Items listed in a dataset
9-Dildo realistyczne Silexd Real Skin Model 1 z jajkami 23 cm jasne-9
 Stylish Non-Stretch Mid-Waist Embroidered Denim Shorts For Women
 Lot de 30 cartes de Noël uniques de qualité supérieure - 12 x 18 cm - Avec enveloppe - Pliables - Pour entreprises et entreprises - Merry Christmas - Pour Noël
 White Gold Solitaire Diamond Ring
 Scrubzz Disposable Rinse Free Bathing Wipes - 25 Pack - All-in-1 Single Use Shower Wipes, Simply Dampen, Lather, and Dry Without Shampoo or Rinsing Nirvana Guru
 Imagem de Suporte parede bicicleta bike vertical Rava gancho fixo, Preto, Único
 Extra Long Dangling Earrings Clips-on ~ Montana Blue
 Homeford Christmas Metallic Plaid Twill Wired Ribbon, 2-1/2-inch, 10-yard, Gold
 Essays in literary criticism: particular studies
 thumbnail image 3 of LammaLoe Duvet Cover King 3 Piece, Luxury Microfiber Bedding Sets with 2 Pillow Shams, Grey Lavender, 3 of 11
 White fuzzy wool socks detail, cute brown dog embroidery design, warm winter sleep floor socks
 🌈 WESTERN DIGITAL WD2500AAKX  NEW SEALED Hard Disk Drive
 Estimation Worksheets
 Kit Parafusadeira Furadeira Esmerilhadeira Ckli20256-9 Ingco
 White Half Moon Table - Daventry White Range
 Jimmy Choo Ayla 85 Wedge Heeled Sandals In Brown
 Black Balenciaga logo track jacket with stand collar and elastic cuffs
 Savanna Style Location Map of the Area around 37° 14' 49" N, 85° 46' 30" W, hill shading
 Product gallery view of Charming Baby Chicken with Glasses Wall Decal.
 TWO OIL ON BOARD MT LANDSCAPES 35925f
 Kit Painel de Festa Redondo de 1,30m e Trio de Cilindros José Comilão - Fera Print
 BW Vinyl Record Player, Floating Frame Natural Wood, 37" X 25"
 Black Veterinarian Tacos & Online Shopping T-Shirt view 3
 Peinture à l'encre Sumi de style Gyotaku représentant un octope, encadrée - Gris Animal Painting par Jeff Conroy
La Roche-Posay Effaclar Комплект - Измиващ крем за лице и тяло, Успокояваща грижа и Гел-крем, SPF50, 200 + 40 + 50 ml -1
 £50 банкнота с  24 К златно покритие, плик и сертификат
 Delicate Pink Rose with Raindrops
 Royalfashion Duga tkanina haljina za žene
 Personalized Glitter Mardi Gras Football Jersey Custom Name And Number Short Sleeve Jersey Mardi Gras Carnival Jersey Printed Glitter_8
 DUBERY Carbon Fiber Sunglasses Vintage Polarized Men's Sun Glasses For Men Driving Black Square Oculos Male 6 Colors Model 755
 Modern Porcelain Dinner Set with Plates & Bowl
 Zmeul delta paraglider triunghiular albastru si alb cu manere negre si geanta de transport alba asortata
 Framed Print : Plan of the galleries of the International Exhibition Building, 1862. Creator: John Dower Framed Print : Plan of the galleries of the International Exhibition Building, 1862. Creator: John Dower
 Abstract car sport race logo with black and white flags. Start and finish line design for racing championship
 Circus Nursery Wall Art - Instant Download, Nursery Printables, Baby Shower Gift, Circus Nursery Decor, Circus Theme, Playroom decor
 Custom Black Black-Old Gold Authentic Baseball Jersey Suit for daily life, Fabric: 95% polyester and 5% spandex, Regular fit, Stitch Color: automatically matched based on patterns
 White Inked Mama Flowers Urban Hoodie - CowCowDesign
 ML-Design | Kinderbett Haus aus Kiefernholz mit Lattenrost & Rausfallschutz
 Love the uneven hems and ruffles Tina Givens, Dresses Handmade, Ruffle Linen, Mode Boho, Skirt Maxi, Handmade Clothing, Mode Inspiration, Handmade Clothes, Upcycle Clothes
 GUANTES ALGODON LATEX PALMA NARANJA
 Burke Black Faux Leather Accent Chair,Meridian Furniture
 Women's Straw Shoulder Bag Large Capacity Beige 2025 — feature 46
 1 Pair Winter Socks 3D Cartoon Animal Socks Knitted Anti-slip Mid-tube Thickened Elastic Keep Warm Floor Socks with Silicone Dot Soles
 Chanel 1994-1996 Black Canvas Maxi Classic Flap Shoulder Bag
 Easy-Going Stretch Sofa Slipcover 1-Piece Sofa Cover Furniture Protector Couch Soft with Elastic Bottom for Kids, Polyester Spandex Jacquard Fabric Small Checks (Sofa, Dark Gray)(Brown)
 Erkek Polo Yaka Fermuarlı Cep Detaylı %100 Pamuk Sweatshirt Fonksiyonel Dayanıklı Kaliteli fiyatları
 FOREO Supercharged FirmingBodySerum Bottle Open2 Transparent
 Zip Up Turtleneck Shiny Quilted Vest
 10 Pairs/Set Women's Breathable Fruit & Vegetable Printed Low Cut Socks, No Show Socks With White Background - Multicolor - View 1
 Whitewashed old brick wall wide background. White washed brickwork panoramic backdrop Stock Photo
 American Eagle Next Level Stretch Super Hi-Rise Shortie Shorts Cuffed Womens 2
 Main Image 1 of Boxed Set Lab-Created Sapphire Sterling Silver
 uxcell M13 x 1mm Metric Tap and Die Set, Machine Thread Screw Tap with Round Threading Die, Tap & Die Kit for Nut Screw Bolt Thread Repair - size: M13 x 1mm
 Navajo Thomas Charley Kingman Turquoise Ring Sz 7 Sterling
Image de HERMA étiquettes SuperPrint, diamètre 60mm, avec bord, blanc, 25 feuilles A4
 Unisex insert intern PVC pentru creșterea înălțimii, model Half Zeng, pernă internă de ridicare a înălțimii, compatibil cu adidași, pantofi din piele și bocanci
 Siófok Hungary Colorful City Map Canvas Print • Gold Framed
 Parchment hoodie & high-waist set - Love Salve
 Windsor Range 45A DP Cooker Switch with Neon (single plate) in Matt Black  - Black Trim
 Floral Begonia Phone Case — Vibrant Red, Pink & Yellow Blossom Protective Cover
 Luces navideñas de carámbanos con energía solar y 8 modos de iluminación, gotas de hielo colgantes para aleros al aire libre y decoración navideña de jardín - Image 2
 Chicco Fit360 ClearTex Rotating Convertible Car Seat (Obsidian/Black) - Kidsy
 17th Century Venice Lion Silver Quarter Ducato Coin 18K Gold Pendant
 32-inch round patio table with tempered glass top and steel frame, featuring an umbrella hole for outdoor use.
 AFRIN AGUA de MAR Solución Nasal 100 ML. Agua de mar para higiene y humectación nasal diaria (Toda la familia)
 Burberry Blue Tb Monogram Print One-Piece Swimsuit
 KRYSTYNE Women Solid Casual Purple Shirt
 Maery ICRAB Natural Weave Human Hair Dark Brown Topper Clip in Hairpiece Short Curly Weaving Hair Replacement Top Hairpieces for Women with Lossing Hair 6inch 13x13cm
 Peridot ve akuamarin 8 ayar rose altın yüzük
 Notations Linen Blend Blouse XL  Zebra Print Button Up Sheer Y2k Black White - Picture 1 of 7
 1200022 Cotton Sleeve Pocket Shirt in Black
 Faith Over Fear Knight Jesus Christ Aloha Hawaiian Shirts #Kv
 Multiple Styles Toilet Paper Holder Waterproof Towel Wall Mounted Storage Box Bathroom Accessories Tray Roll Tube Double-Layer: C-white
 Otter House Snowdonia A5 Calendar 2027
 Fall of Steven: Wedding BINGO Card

* [ASSIGNMENT]: Transcribe all of the data, keeping every line identical.

* [EXERCISE RESPONSE]:
9-Dildo realistyczne Silexd Real Skin Model 1 z jajkami 23 cm jasne-9
 Stylish Non-Stretch Mid-Waist Embroidered Denim Shorts For Women
 Lot de 30 cartes de Noël uniques de qualité supérieure - 12 x 18 cm - Avec enveloppe - Pliables - Pour entreprises et entreprises - Merry Christmas - Pour Noël
 White Gold Solitaire Diamond Ring
 Scrubzz Disposable Rinse Free Bathing Wipes - 25 Pack - All-in-1 Single Use Shower Wipes, Simply Dampen, Lather, and Dry Without Shampoo or Rinsing Nirvana Guru
 Imagem de Suporte parede bicicleta bike vertical Rava gancho fixo, Preto, Único
 Extra Long Dangling Earrings Clips-on ~ Montana Blue
 Homeford Christmas Metallic Plaid Twill Wired Ribbon, 2-1/2-inch, 10-yard, Gold
 Essays in literary criticism: particular studies
 thumbnail image 3 of LammaLoe Duvet Cover King 3 Piece, Luxury Microfiber Bedding Sets with 2 Pillow Shams, Grey Lavender, 3 of 11
 White fuzzy wool socks detail, cute brown dog embroidery design, warm winter sleep floor socks
 🌈 WESTERN DIGITAL WD2500AAKX  NEW SEALED Hard Disk Drive
 Estimation Worksheets
 Kit Parafusadeira Furadeira Esmerilhadeira Ckli20256-9 Ingco
 White Half Moon Table - Daventry White Range
 Jimmy Choo Ayla 85 Wedge Heeled Sandals In Brown
 Black Balenciaga logo track jacket with stand collar and elastic cuffs
 Savanna Style Location Map of the Area around 37° 14' 49" N, 85° 46' 30" W, hill shading
 Product gallery view of Charming Baby Chicken with Glasses Wall Decal.
 TWO OIL ON BOARD MT LANDSCAPES 35925f
 Kit Painel de Festa Redondo de 1,30m e Trio de Cilindros José Comilão - Fera Print
 BW Vinyl Record Player, Floating Frame Natural Wood, 37" X 25"
 Black Veterinarian Tacos & Online Shopping T-Shirt view 3
 Peinture à l'encre Sumi de style Gyotaku représentant un octope, encadrée - Gris Animal Painting par Jeff Conroy
La Roche-Posay Effaclar Комплект - Измиващ крем за лице и тяло, Успокояваща грижа и Гел-крем, SPF50, 200 + 40 + 50 ml -1
 £50 банкнота с  24 К златно покритие, плик и сертификат
 Delicate Pink Rose with Raindrops
 Royalfashion Duga tkanina haljina za žene
 Personalized Glitter Mardi Gras Football Jersey Custom Name And Number Short Sleeve Jersey Mardi Gras Carnival Jersey Printed Glitter_8
 DUBERY Carbon Fiber Sunglasses Vintage Polarized Men's Sun Glasses For Men Driving Black Square Oculos Male 6 Colors Model 755
 Modern Porcelain Dinner Set with Plates & Bowl
 Zmeul delta paraglider triunghiular albastru si alb cu manere negre si geanta de transport alba asortata
 Framed Print : Plan of the galleries of the International Exhibition Building, 1862. Creator: John Dower Framed Print : Plan of the galleries of the International Exhibition Building, 1862. Creator: John Dower
 Abstract car sport race logo with black and white flags. Start and finish line design for racing championship
 Circus Nursery Wall Art - Instant Download, Nursery Printables, Baby Shower Gift, Circus Nursery Decor, Circus Theme, Playroom decor
 Custom Black Black-Old Gold Authentic Baseball Jersey Suit for daily life, Fabric: 95% polyester and 5% spandex, Regular fit, Stitch Color: automatically matched based on patterns
 White Inked Mama Flowers Urban Hoodie - CowCowDesign
 ML-Design | Kinderbett Haus aus Kiefernholz mit Lattenrost & Rausfallschutz
 Love the uneven hems and ruffles Tina Givens, Dresses Handmade, Ruffle Linen, Mode Boho, Skirt Maxi, Handmade Clothing, Mode Inspiration, Handmade Clothes, Upcycle Clothes
 GUANTES ALGODON LATEX PALMA NARANJA
 Burke Black Faux Leather Accent Chair,Meridian Furniture
 Women's Straw Shoulder Bag Large Capacity Beige 2025 — feature 46
 1 Pair Winter Socks 3D Cartoon Animal Socks Knitted Anti-slip Mid-tube Thickened Elastic Keep Warm Floor Socks with Silicone Dot Soles
 Chanel 1994-1996 Black Canvas Maxi Classic Flap Shoulder Bag
 Easy-Going Stretch Sofa Slipcover 1-Piece Sofa Cover Furniture Protector Couch Soft with Elastic Bottom for Kids, Polyester Spandex Jacquard Fabric Small Checks (Sofa, Dark Gray)(Brown)
 Erkek Polo Yaka Fermuarlı Cep Detaylı %100 Pamuk Sweatshirt Fonksiyonel Dayanıklı Kaliteli fiyatları
 FOREO Supercharged FirmingBodySerum Bottle Open2 Transparent
 Zip Up Turtleneck Shiny Quilted Vest
 10 Pairs/Set Women's Breathable Fruit & Vegetable Printed Low Cut Socks, No Show Socks With White Background - Multicolor - View 1
 Whitewashed old brick wall wide background. White washed brickwork panoramic backdrop Stock Photo
 American Eagle Next Level Stretch Super Hi-Rise Shortie Shorts Cuffed Womens 2
 Main Image 1 of Boxed Set Lab-Created Sapphire Sterling Silver
 uxcell M13 x 1mm Metric Tap and Die Set, Machine Thread Screw Tap with Round Threading Die, Tap & Die Kit for Nut Screw Bolt Thread Repair - size: M13 x 1mm
 Navajo Thomas Charley Kingman Turquoise Ring Sz 7 Sterling
Image de HERMA étiquettes SuperPrint, diamètre 60mm, avec bord, blanc, 25 feuilles A4
 Unisex insert intern PVC pentru creșterea înălțimii, model Half Zeng, pernă internă de ridicare a înălțimii, compatibil cu adidași, pantofi din piele și bocanci
 Siófok Hungary Colorful City Map Canvas Print • Gold Framed
 Parchment hoodie & high-waist set - Love Salve
 Windsor Range 45A DP Cooker Switch with Neon (single plate) in Matt Black  - Black Trim
 Floral Begonia Phone Case — Vibrant Red, Pink & Yellow Blossom Protective Cover
 Luces navideñas de carámbanos con energía solar y 8 modos de iluminación, gotas de hielo colgantes para aleros al aire libre y decoración navideña de jardín - Image 2
 Chicco Fit360 ClearTex Rotating Convertible Car Seat (Obsidian/Black) - Kidsy
 17th Century Venice Lion Silver Quarter Ducato Coin 18K Gold Pendant
 32-inch round patio table with tempered glass top and steel frame, featuring an umbrella hole for outdoor use.
 AFRIN AGUA de MAR Solución Nasal 100 ML. Agua de mar para higiene y humectación nasal diaria (Toda la familia)
 Burberry Blue Tb Monogram Print One-Piece Swimsuit
 KRYSTYNE Women Solid Casual Purple Shirt
 Maery ICRAB Natural Weave Human Hair Dark Brown Topper Clip in Hairpiece Short Curly Weaving Hair Replacement Top Hairpieces for Women with Lossing Hair 6inch 13x13cm
 Peridot ve akuamarin 8 ayar rose altın yüzük
 Notations Linen Blend Blouse XL  Zebra Print Button Up Sheer Y2k Black White - Picture 1 of 7
 1200022 Cotton Sleeve Pocket Shirt in Black
 Faith Over Fear Knight Jesus Christ Aloha Hawaiian Shirts #Kv
 Multiple Styles Toilet Paper Holder Waterproof Towel Wall Mounted Storage Box Bathroom Accessories Tray Roll Tube Double-Layer: C-white
 Otter House Snowdonia A5 Calendar 2027
 Fall of Steven: Wedding BINGO Card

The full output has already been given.